* WHAT YOU ARE ASKED TO DO:
Set down the line containing "Low angle view" and each line after it through the last line of the records, exactly, leaving pictures out.

[Caption-style text data]
%%

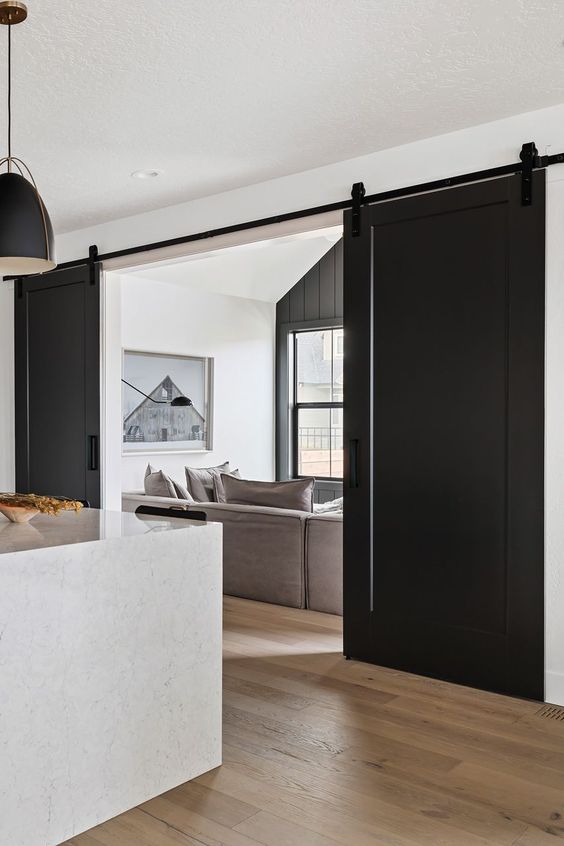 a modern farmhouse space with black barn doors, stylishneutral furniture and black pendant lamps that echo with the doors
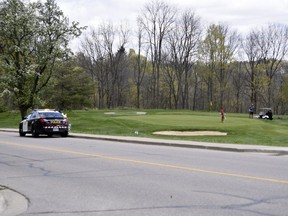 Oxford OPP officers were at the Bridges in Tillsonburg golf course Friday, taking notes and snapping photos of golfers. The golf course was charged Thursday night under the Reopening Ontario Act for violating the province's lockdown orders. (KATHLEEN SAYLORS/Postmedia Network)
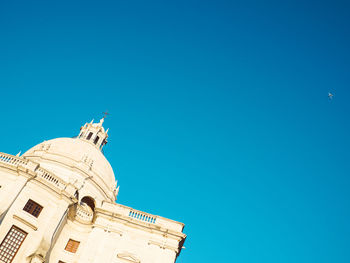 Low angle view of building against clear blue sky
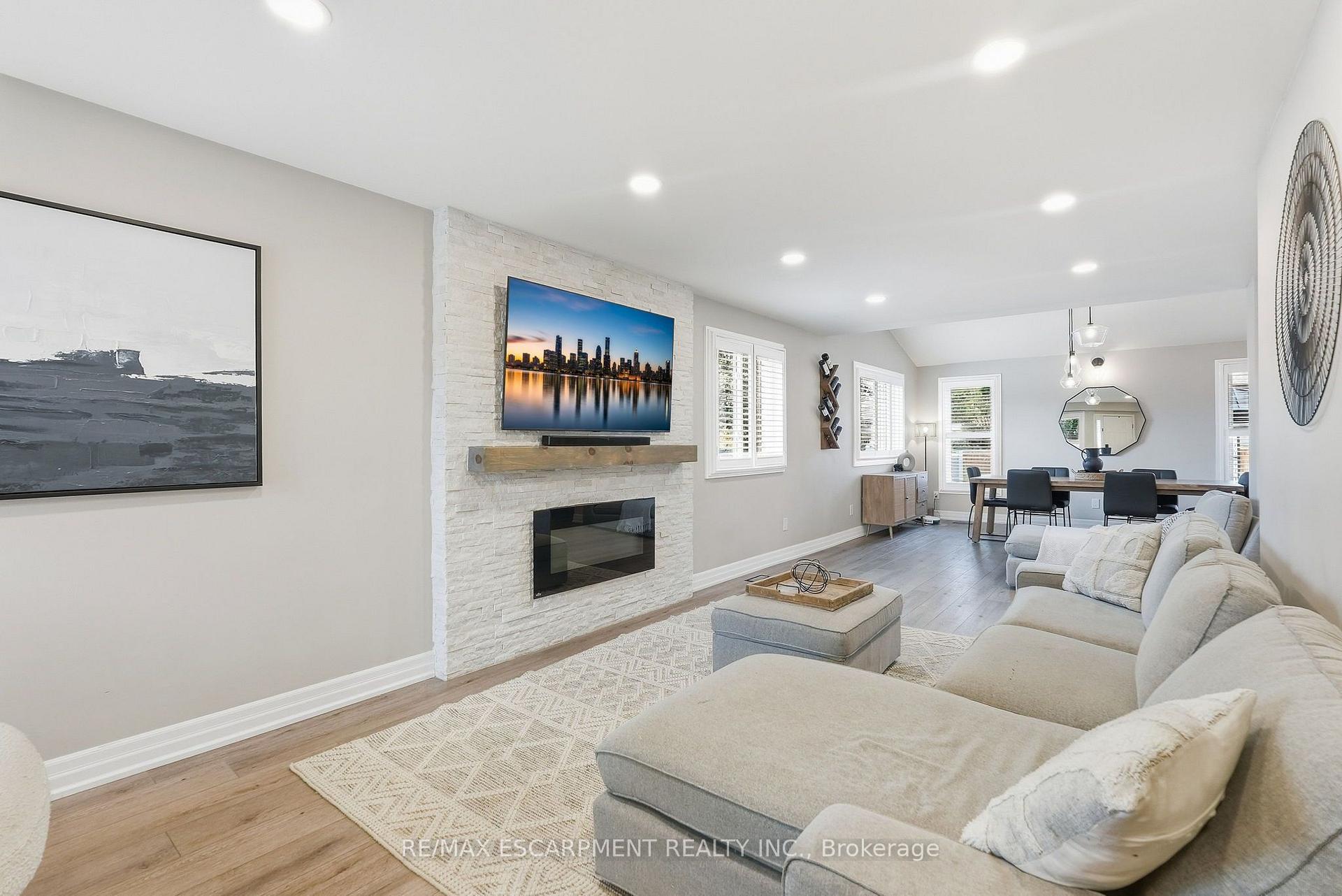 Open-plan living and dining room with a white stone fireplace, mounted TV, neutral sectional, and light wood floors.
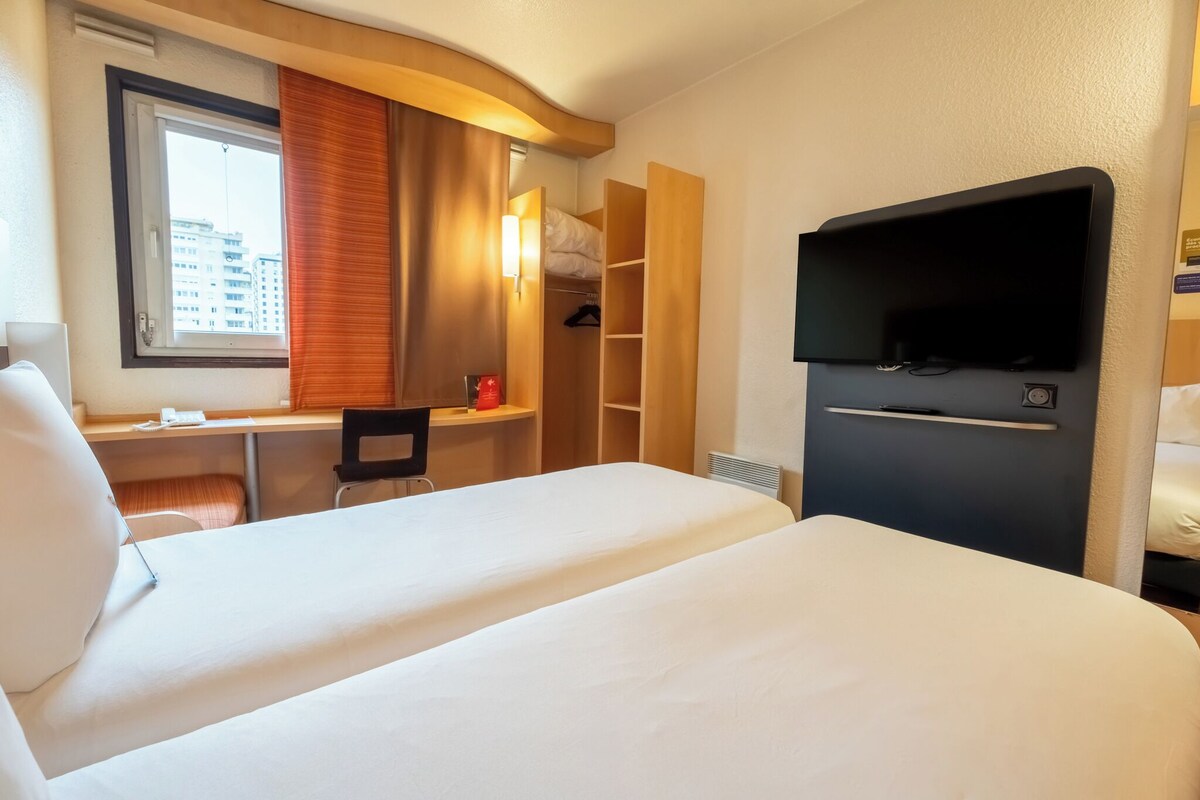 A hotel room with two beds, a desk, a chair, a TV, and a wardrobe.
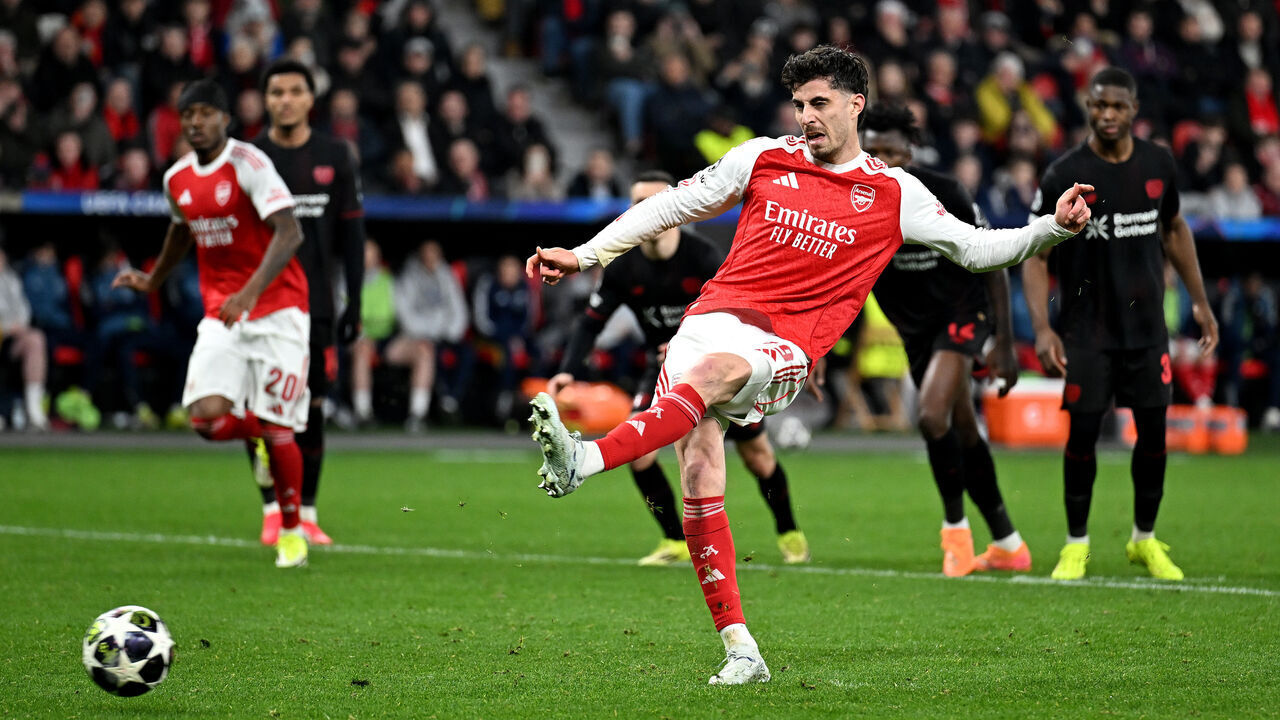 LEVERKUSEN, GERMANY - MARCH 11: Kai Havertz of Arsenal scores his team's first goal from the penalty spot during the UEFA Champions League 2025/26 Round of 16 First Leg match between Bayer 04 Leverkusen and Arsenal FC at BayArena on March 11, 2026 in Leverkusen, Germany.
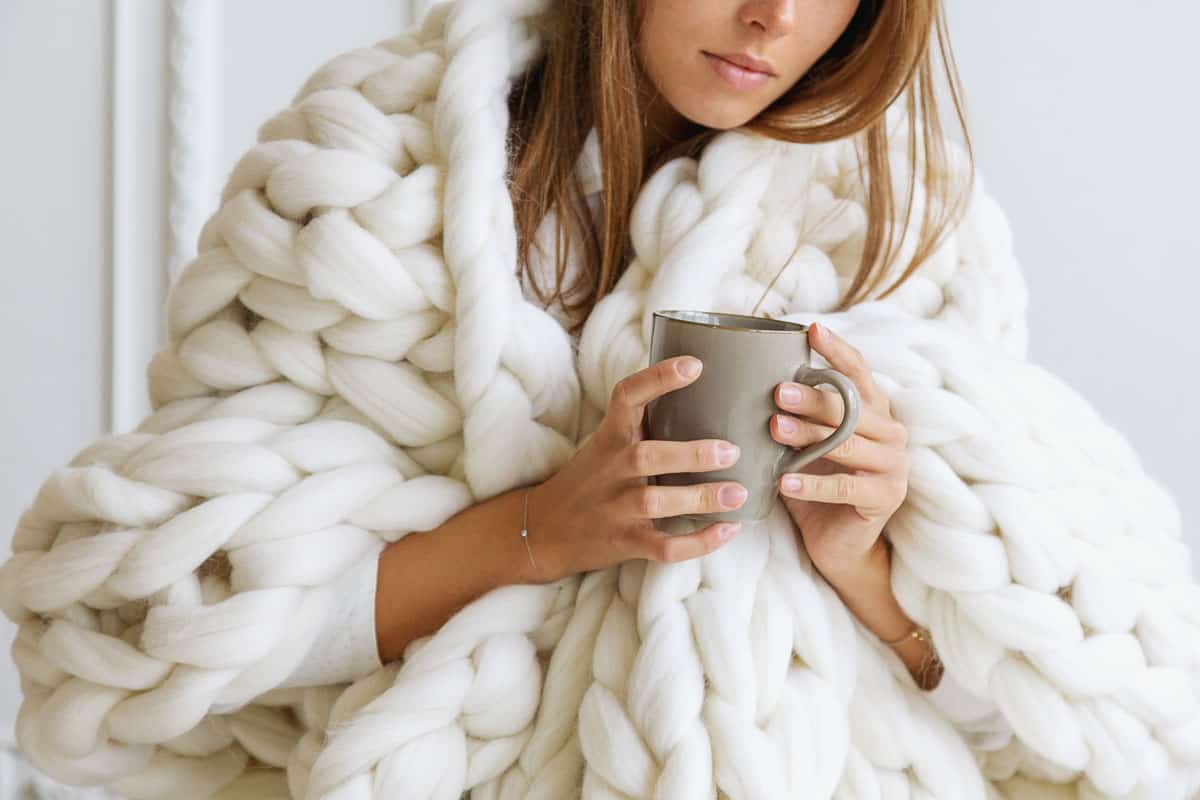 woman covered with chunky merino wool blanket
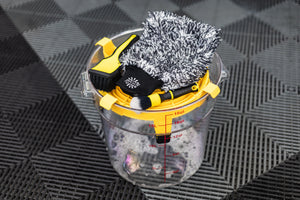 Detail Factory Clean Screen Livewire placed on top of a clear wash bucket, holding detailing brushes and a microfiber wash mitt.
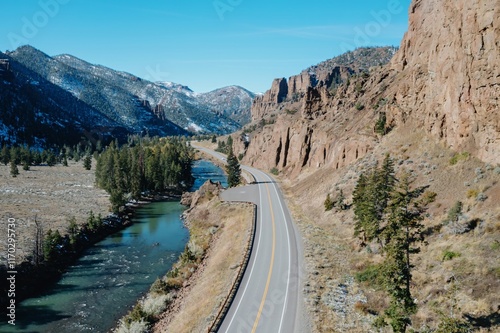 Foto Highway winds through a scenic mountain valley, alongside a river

%%

* TASK RESULT:
 Low angle view of building against clear blue sky
 Open-plan living and dining room with a white stone fireplace, mounted TV, neutral sectional, and light wood floors.
 A hotel room with two beds, a desk, a chair, a TV, and a wardrobe.
 LEVERKUSEN, GERMANY - MARCH 11: Kai Havertz of Arsenal scores his team's first goal from the penalty spot during the UEFA Champions League 2025/26 Round of 16 First Leg match between Bayer 04 Leverkusen and Arsenal FC at BayArena on March 11, 2026 in Leverkusen, Germany.
 woman covered with chunky merino wool blanket
 Detail Factory Clean Screen Livewire placed on top of a clear wash bucket, holding detailing brushes and a microfiber wash mitt.
 Foto Highway winds through a scenic mountain valley, alongside a river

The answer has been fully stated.